Rebels with a cause – Teenage years and small towns in emerging markets
With the emergence of small towns as future growth engines in markets like India, there is considerable interest in teenagers from these small towns.
Growing up in a vibrant economy, teenagers of middle class families in small towns have largely experienced an upbeat economic mood and the safety of increasing wealth. Indulgent Asian parents have showered their children with all the opportunities and commercial goods that money can buy.
19 y.o. Radhika from Aurangabad (population of 1.2 million) lives with her mother a nurse, an absentee father (a policeman) and a younger brother still in school. In her small 2 room house on the first floor she has a computer all to herself. Her mother paid 3 months salary to buy the computer for Radhika’s school work. On the table is a studio shot of Radhika and her friend, taken just for fun when they completed school. Two dressed up girls in their best clothes pose and smile gently at us from the photo frame. Radhika is impeccably groomed. Wearing jeans and a fashionable blouse she talks about going clothes shopping every fortnight as she wants to look her best at all times.
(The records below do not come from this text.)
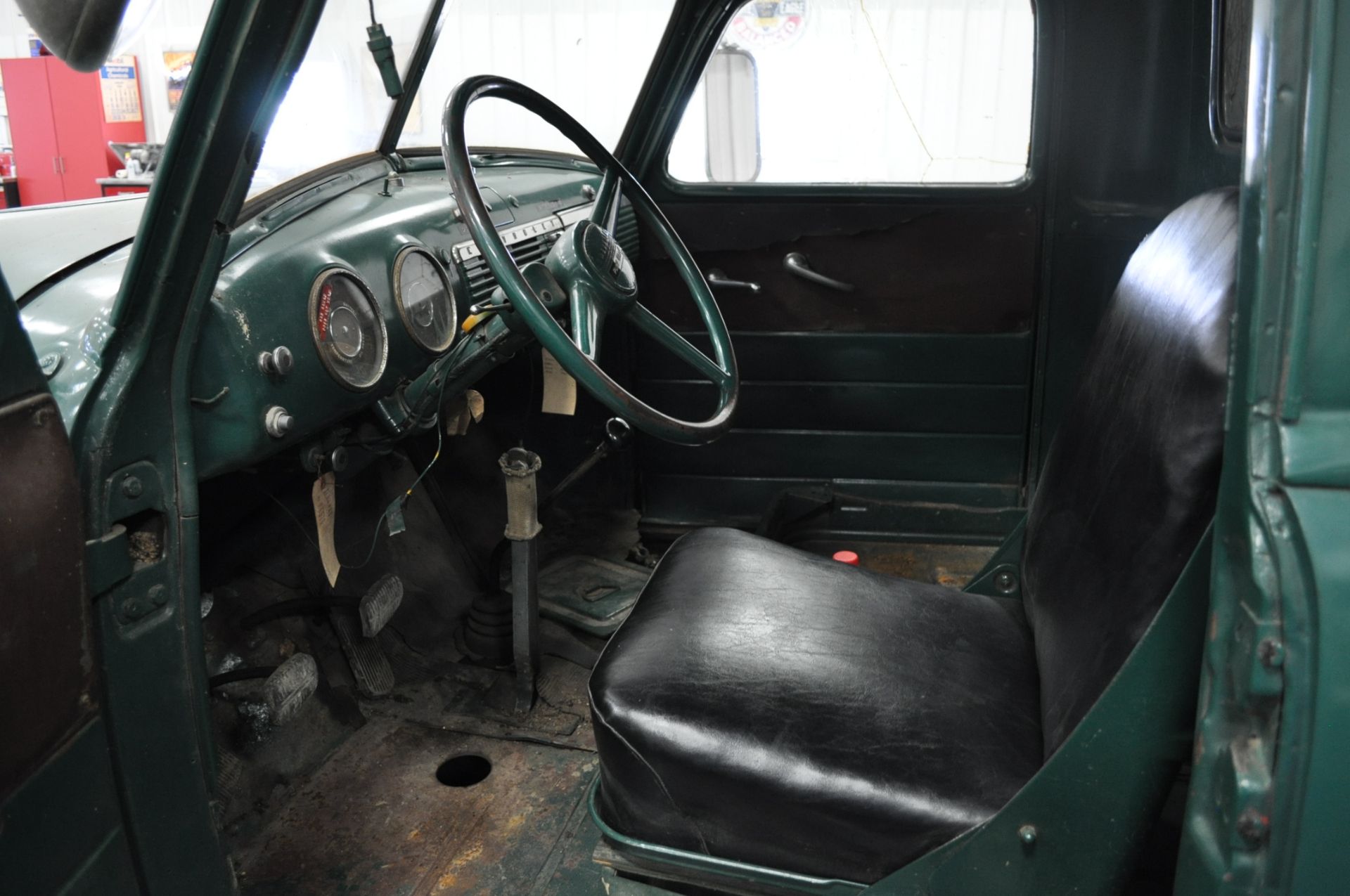 1947 Chevrolet Loadmaster truck, 8’ hyd dump bed, w/ 1962 Chevrolet 6 cylinder, 4+2 transmission - Image 9 of 14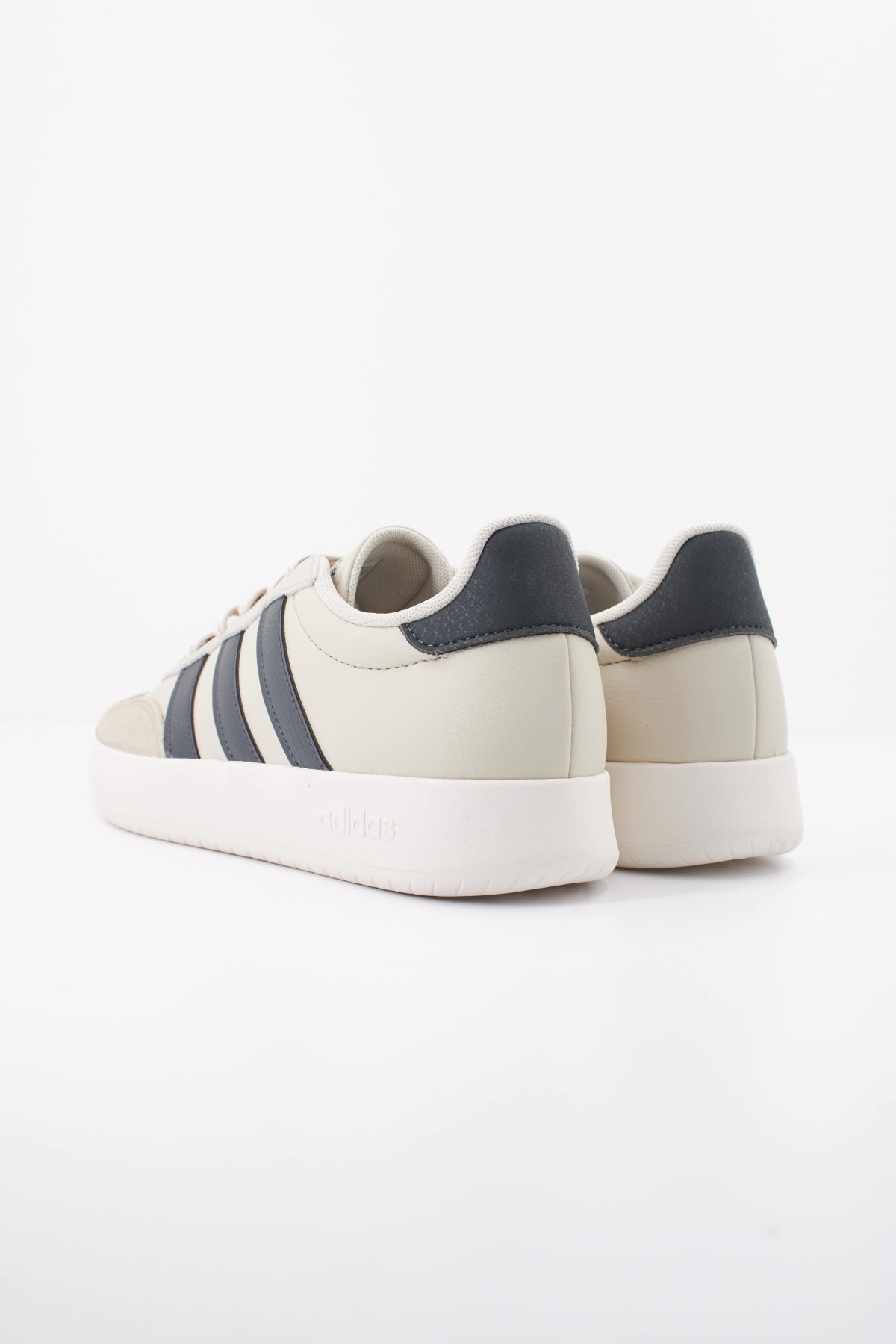 ADIDAS BARREDA en color GRIS  (4)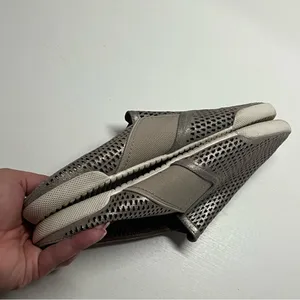 FRYE‎ Melanie Perforated Slip On Mules 9M Casual Chic Minimalist Neutral Comfort thumbnail 6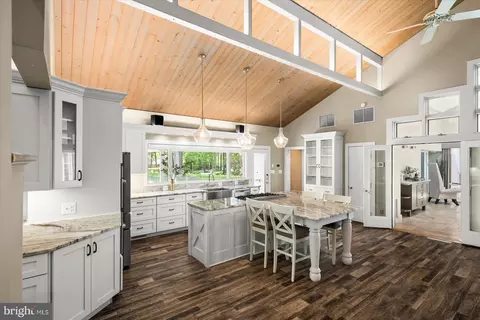 Kitchen - 27016 Edinburgh Ct, Salisbury, MD 21801 photo 5 of 5
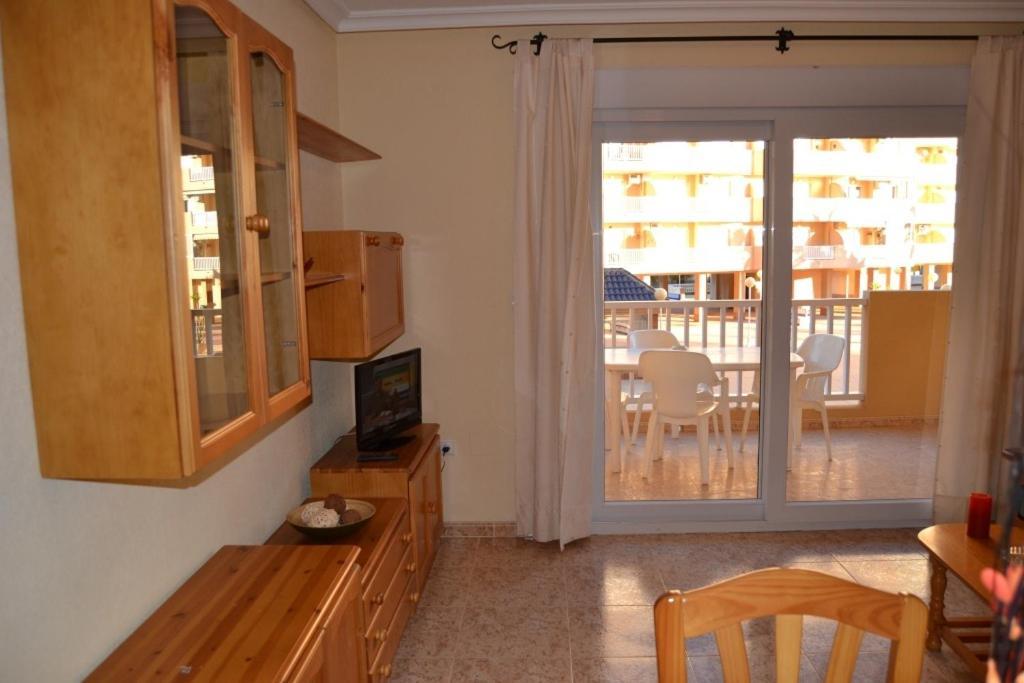 Apartamentos Turisticos Puerto Tomas Maestre La Manga del Mar Menor Zimmer foto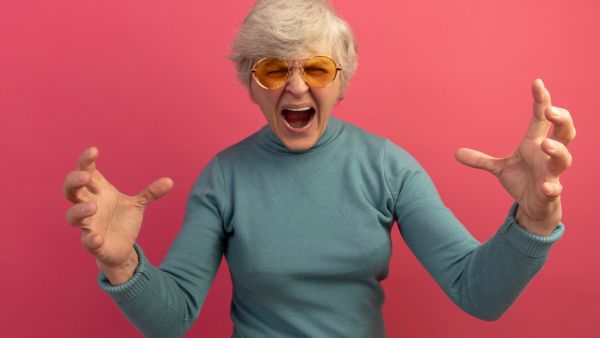 How To Manage Your Ageing Parents’ Anger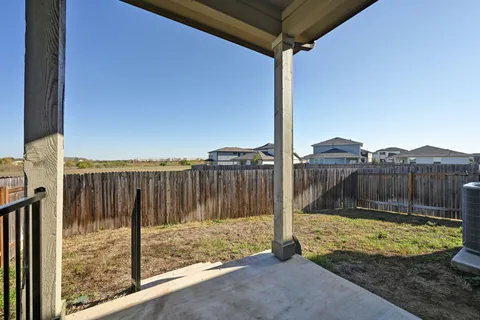 $279,400 | 522 Wilshire Road, San Marcos, TX 78666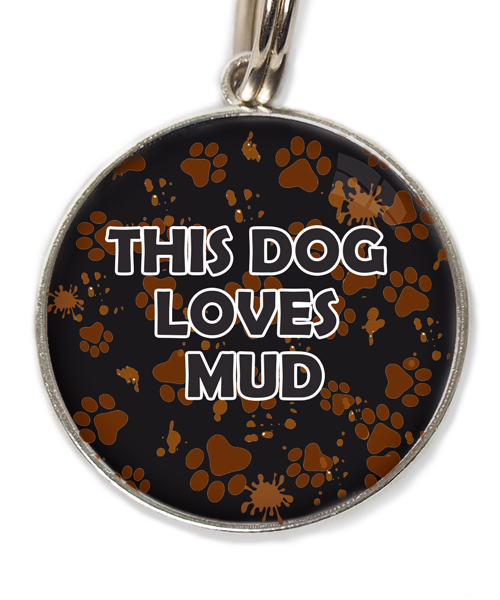 this-dog-loves-mud-huisdierpenning-zwart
She goes out often with her friends to restaurants, catch the latest movies and to get pedicures at the neighbourhood salon. Radhika does not have much to worry about. She is now part of the new ‘consuming class’ in emerging markets.
Listening to a day in Radhika’s life you begin to think about a James Dean style Rebel without a cause kind of story.
Yet as Radhika begins to talk about her future and the life she wants, you begin to see her determination and focus emerge. She has decided she wants to be a successful entrepreneur in IT and first plans to get a job that will help her develop the contacts she will need later. Her job will also help her finance her higher education. Marriage is also part of this plan but with the right person and at the right time.
There are many Radhika’s in small towns in emerging markets. Living indulgent lives supported by parents yet with a drive and a purpose not just for a better life for themselves but for the betterment of their entire families. That is the story behind the projected 23 trillion USD contribution emerging cities are likely to make in the future.